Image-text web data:
⁂

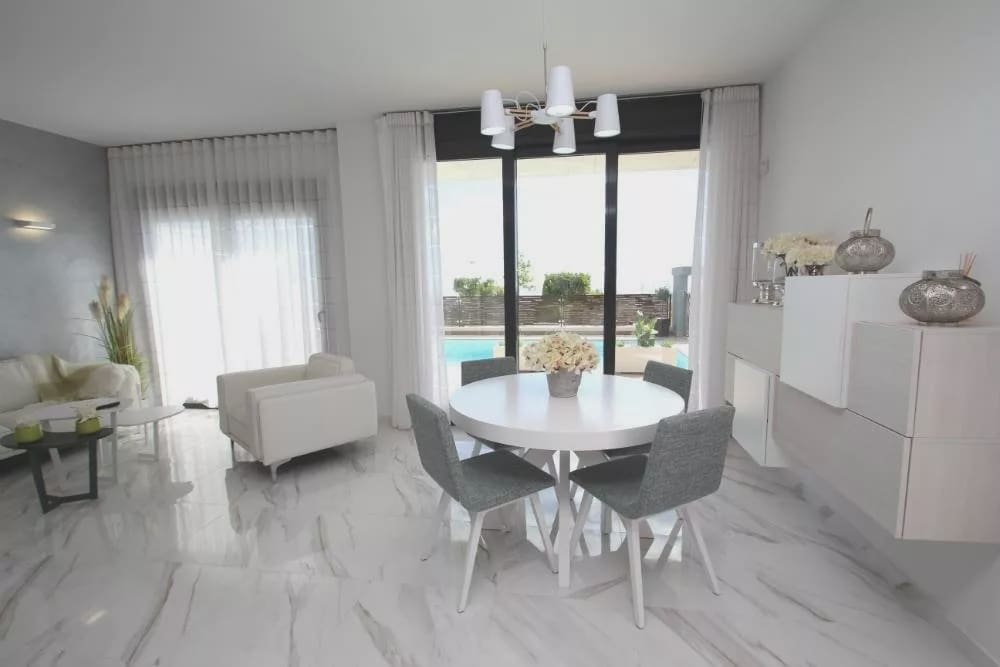 3 bedroom Villa for sale in San Miguel de Salinas with pool garage - € 630,000 (Ref: 7915614)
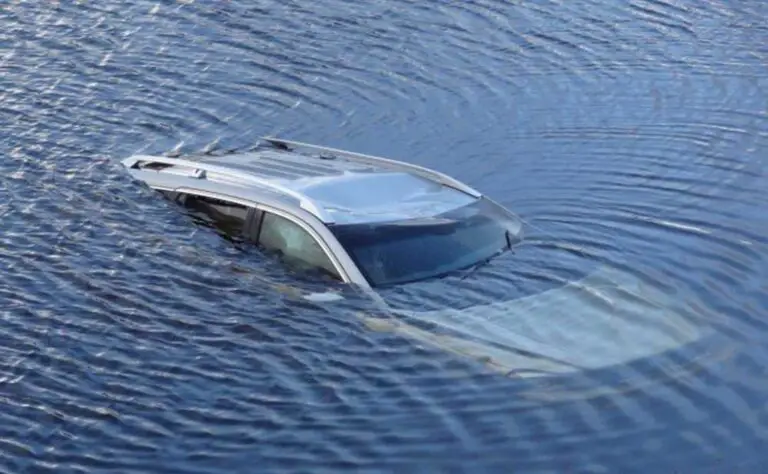 Spiritual Meaning: Drowning in a Car Dream Interpretation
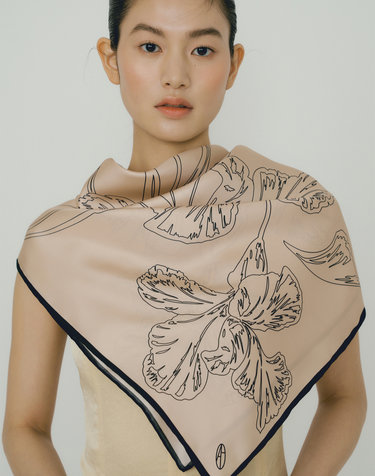 Fleur Square Silk Scarf 90 - Peach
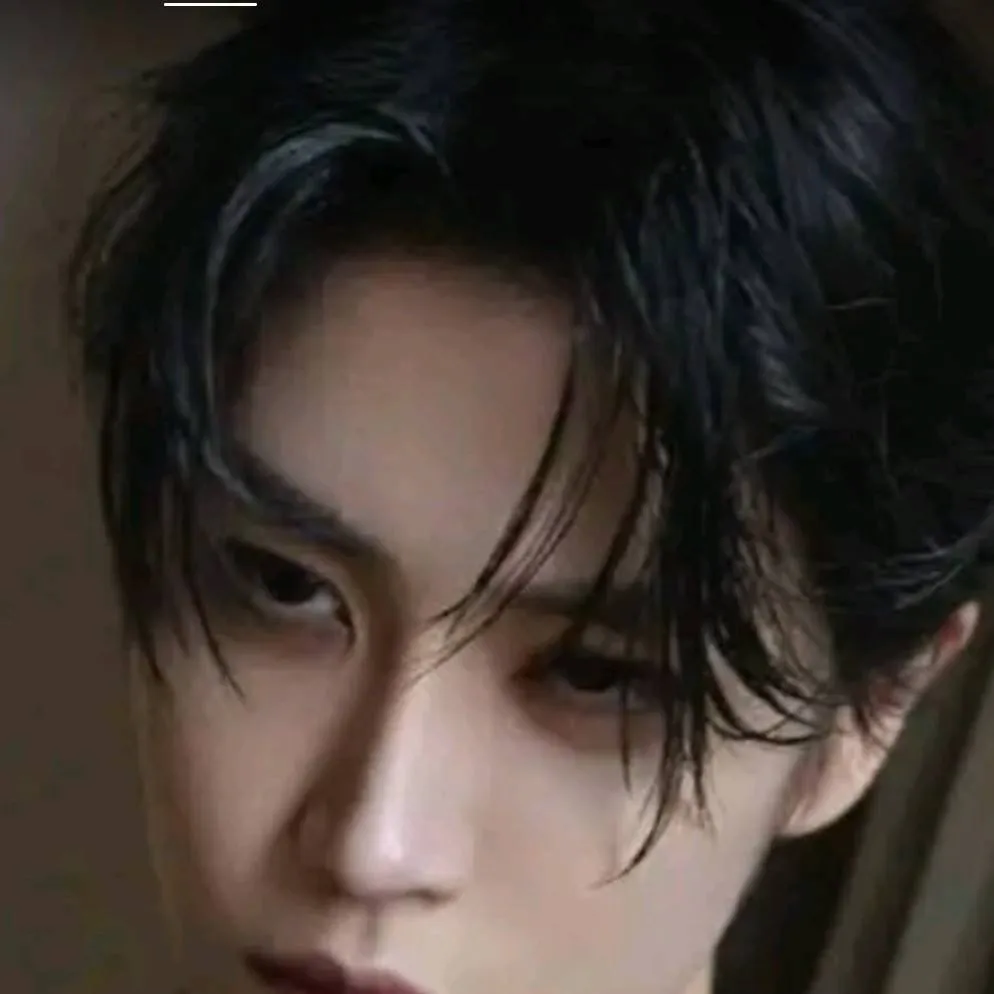 chat with ai character: Avon 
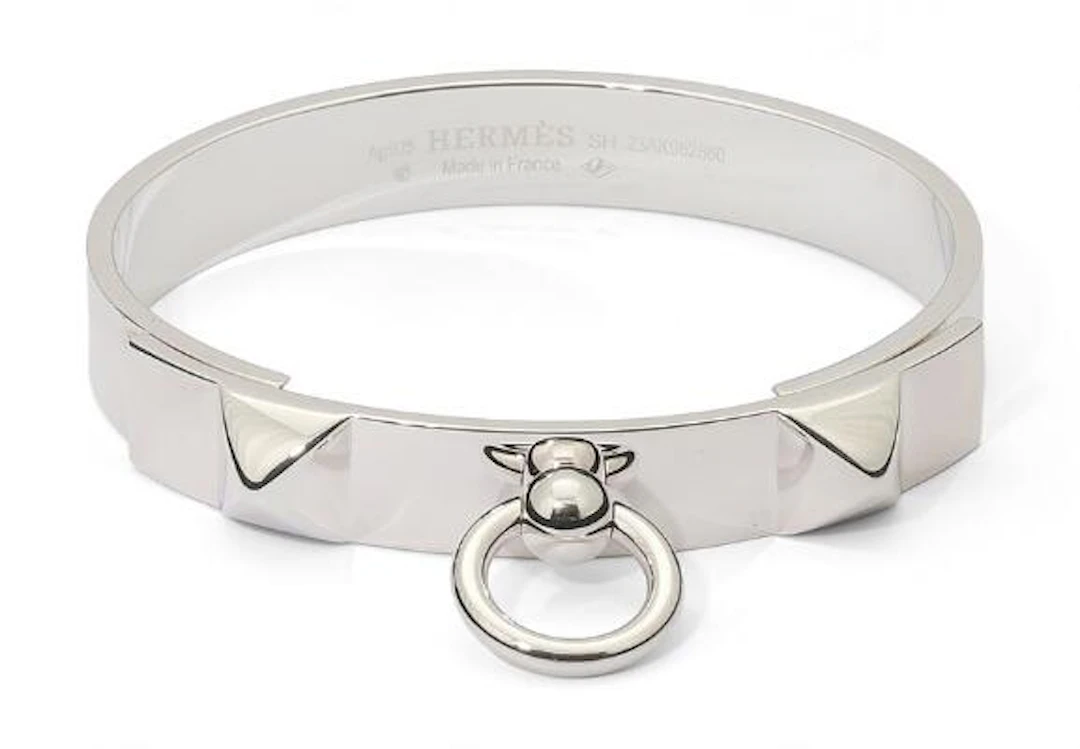 Hermès: A "Collier de Chien" openable bangle of silver. Weight app.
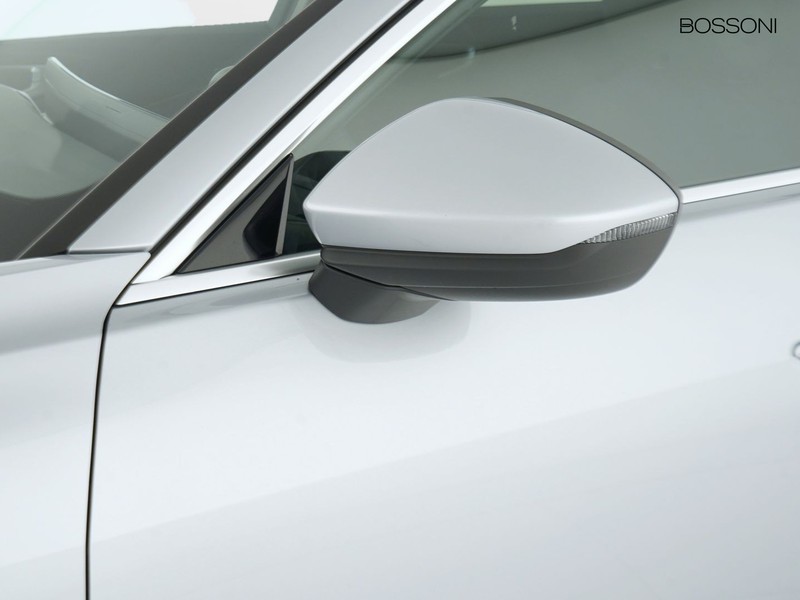 37 - Audi A5 avant 2.0 tdi mhev+ 204cv business advanced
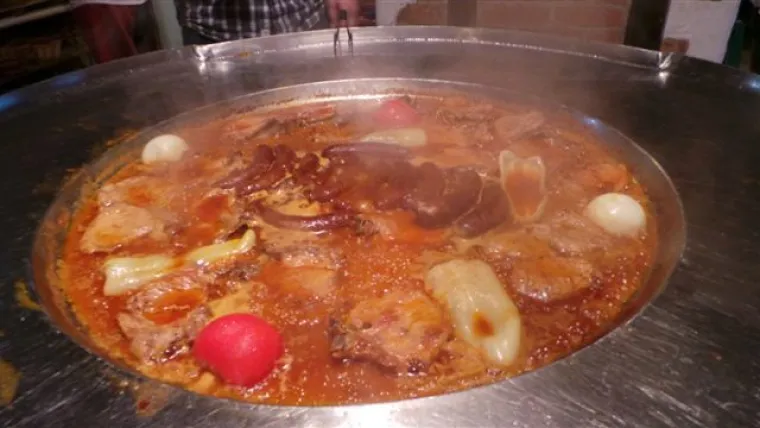 Tajna savr&scaron;ene kotlovine i knedli sa &scaron;ljivama! Recepti dovoljni za nahraniti pleme i mirisi davnine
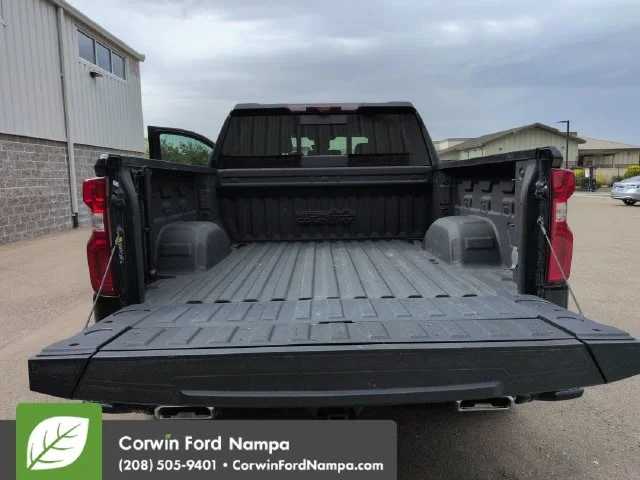 Used 2024 Black Chevrolet High Country image 28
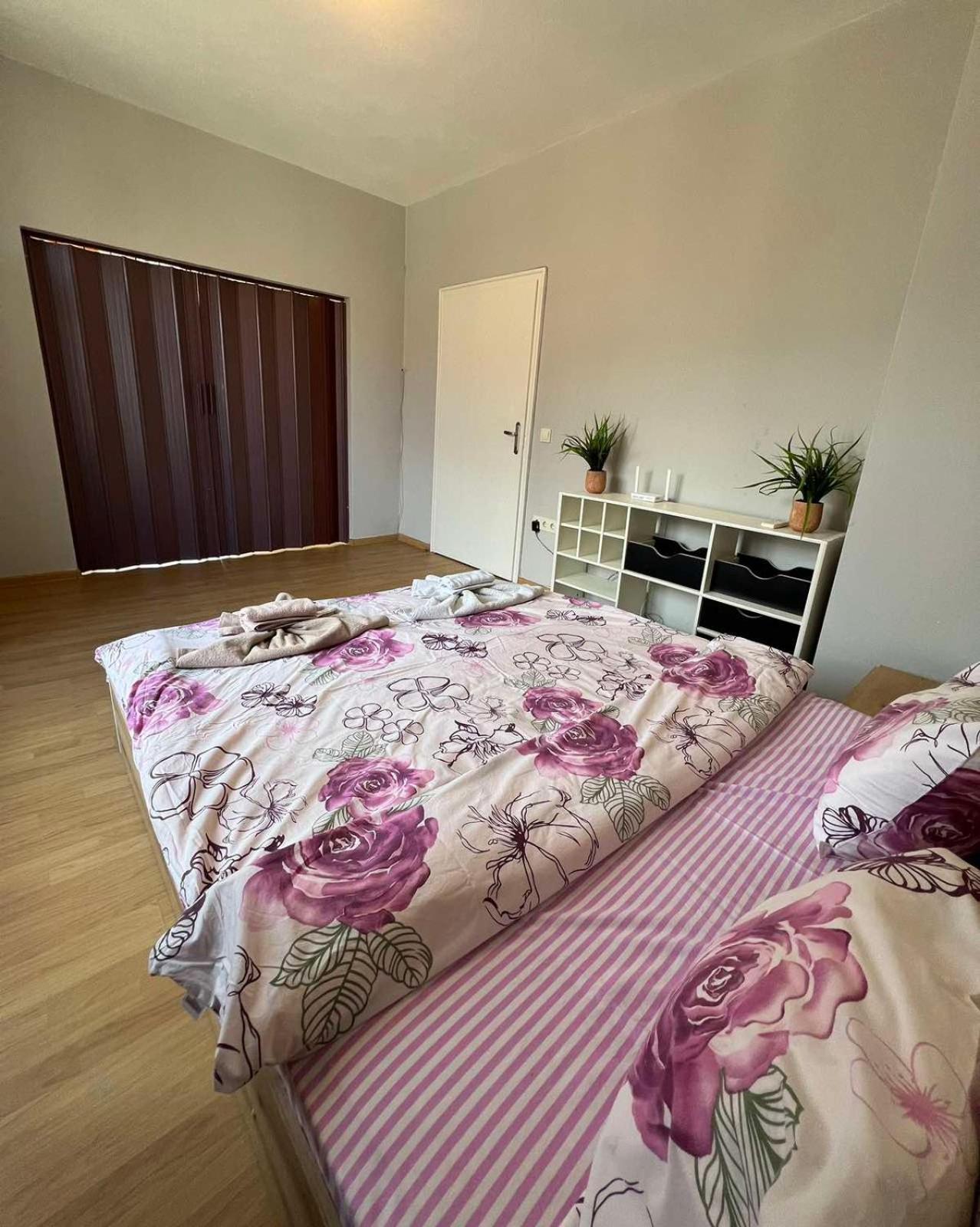 Rio Sunny 2Bdr Apt Near Ndk - Metro - Non-Stop Paid Public Parking Sofya Dış mekan fotoğraf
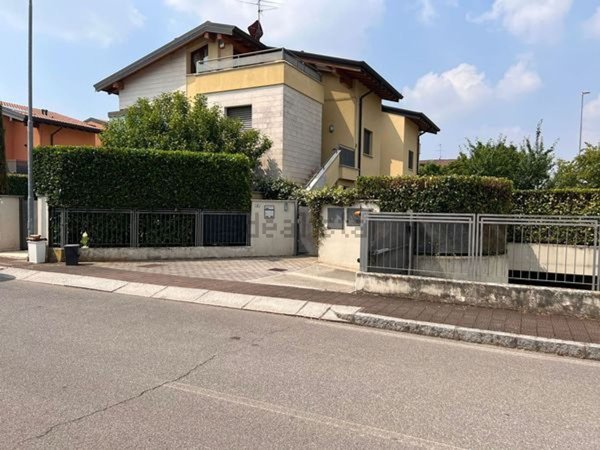 appartamento in vendita a Treviolo in zona Albegno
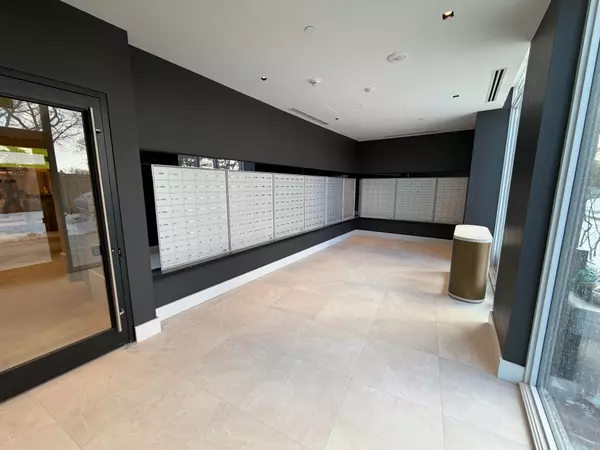 Toronto, ON M2M 0C6,5858 Yonge ST #1905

⁂

ABOUT THIS TASK:
Pictures are to be omitted; set down the rest of the entries exactly as given.

RESPONSE BOX:
 3 bedroom Villa for sale in San Miguel de Salinas with pool garage - € 630,000 (Ref: 7915614)
 Spiritual Meaning: Drowning in a Car Dream Interpretation
 Fleur Square Silk Scarf 90 - Peach
 chat with ai character: Avon 
 Hermès: A "Collier de Chien" openable bangle of silver. Weight app.
 37 - Audi A5 avant 2.0 tdi mhev+ 204cv business advanced
 Tajna savr&scaron;ene kotlovine i knedli sa &scaron;ljivama! Recepti dovoljni za nahraniti pleme i mirisi davnine
 Used 2024 Black Chevrolet High Country image 28
 Rio Sunny 2Bdr Apt Near Ndk - Metro - Non-Stop Paid Public Parking Sofya Dış mekan fotoğraf
 appartamento in vendita a Treviolo in zona Albegno
 Toronto, ON M2M 0C6,5858 Yonge ST #1905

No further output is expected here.